A focus of these surveys is students’ drug use.  There were three questions asked to measure marijuana and hashish use. 

  • “On how many occasions (if any) have you used marijuana (grass, pot) or hashish (hash, hash oil) . . . in your lifetime?
  • “On how many occasions (if any) have you used marijuana (grass, pot) or hashish (hash, hash oil) . . . during the last 12 months?
  • “On how many occasions (if any) have you used marijuana (grass, pot) or hashish (hash, hash oil) . . . during the last 30 days?”

Our research question is why some high school seniors are more likely to use marijuana or hashish than others.  That’s what we’re trying to explain.  What concepts do you think might help us answer this question?  Your list probably includes some of the following variables.

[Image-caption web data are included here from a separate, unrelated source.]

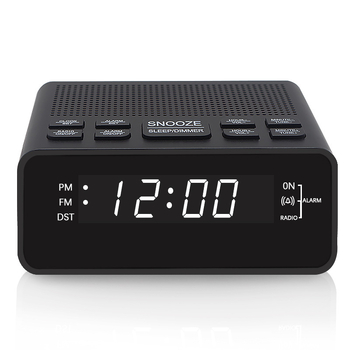 LED budilica-radio, stolni, s digitalnim zaslonom, dvostruki alarm AM/FM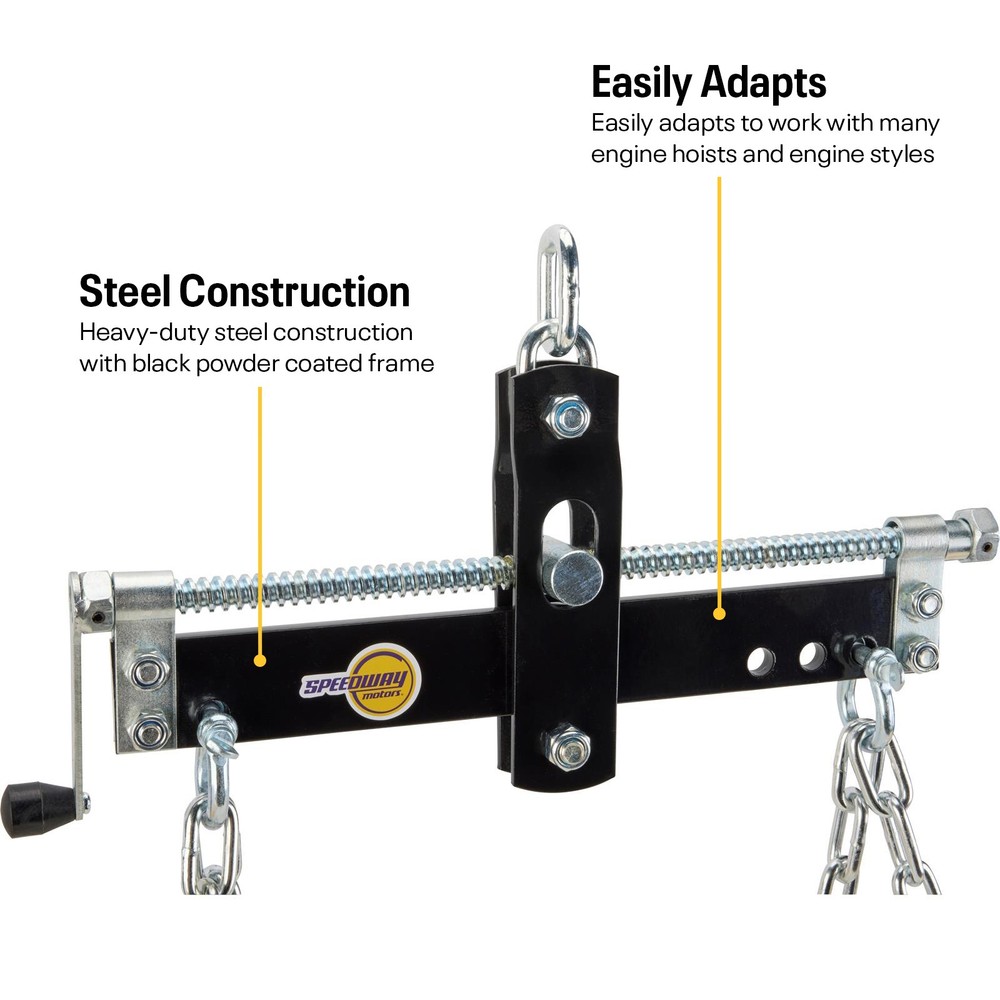 Adjustable Tilt Four-Point Chain Mount Engine Leveler, 1500 Lb.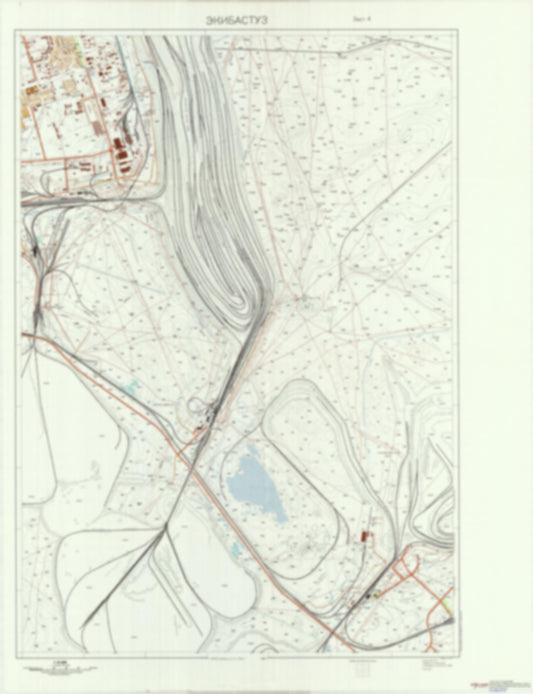 Ekibastuz 4 (Kazakhstan) - Soviet Military City Plans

  • Respondent’s gender – male, female
  • Where respondents grew up – farm, small city or town, medium-sized city, suburb, large city
  • Religiosity
    • ​How often attended religious services – never, rarely, once or twice a month, about once a week or more
    • How important religion is in their lives – not important, a little important, pretty important, very important
  • Family factors such as parent’s education
    • Highest grade father completed – less than high school, completed high school, some college, completed college, graduate or professional school after college
    • Highest grade mother completed – same categories
  • Political factors
    • Political party preference – strongly Republican, mildly Republican, mildly Democrat, strongly Democrat, independent, no preference
    • Political beliefs – very conservative, conservative, moderate, liberal, very liberal
  • Number of days of school missed because respondent skipped or “cut” school
  • High school grades

Choose two of these variables and for each variable write a hypothesis that specifies the relationship that you expect to find between that variable and marijuana and hashish use.  For each hypothesis explain why you expect to find that relationship.  In other words, if someone asked why you expected this hypothesis to be true, what would you say?

Part IV – Hypothesis Testing

Let’s review.  We start with our research question.  A theory is a systematic attempt to answer that question.  From our theory we derive hypotheses that should be true if the theory is true.  These hypotheses must be empirically testable.  We collect or find data that we can use to test these hypotheses.  So now we turn to the process of hypothesis testing.

How do we go about testing our hypotheses?  We can distinguish between quantitative and qualitative data analysis.  Our focus in these exercises is on quantitative analysis.  In no way does this suggest that quantitative analysis is better than qualitative analysis.  It also doesn’t suggest that it’s an either/or proposition.  Researchers often combine quantitative and qualitative analysis in a research study. 

Quantitative analysis creates measures or indicants of the concepts in our theory.  These measures can then be related to each other.  For example, we can create a measure of religiosity based on how often respondents say they attend worship services and how important they say their religion is to them.  We can also create a measure of how often respondents say they use marijuana or hashish based on the questions that we discussed in part 3.  Based on these measures we can then determine if these two measures are related to each other.  In other words, are respondents who are more religious more or less likely to use marijuana or hashish than those who are less religious?

Statistics are tools that we use to answer these questions.  The next eight exercises will give you practice using various statistical techniques such as crosstabulation, tests of significance, and measures of association.  Statistical programs such as SDA (Survey Documentation and Analysis) carry out the computation of these different statistics so you don’t have to worry about computing them.  SDA is easy to learn and use.  You don’t have to be a computer programmer to use it. There are a few simple rules to follow which we’ll discuss in these later exercises.

 


 

[1] In these exercises we’re going to focus on survey research.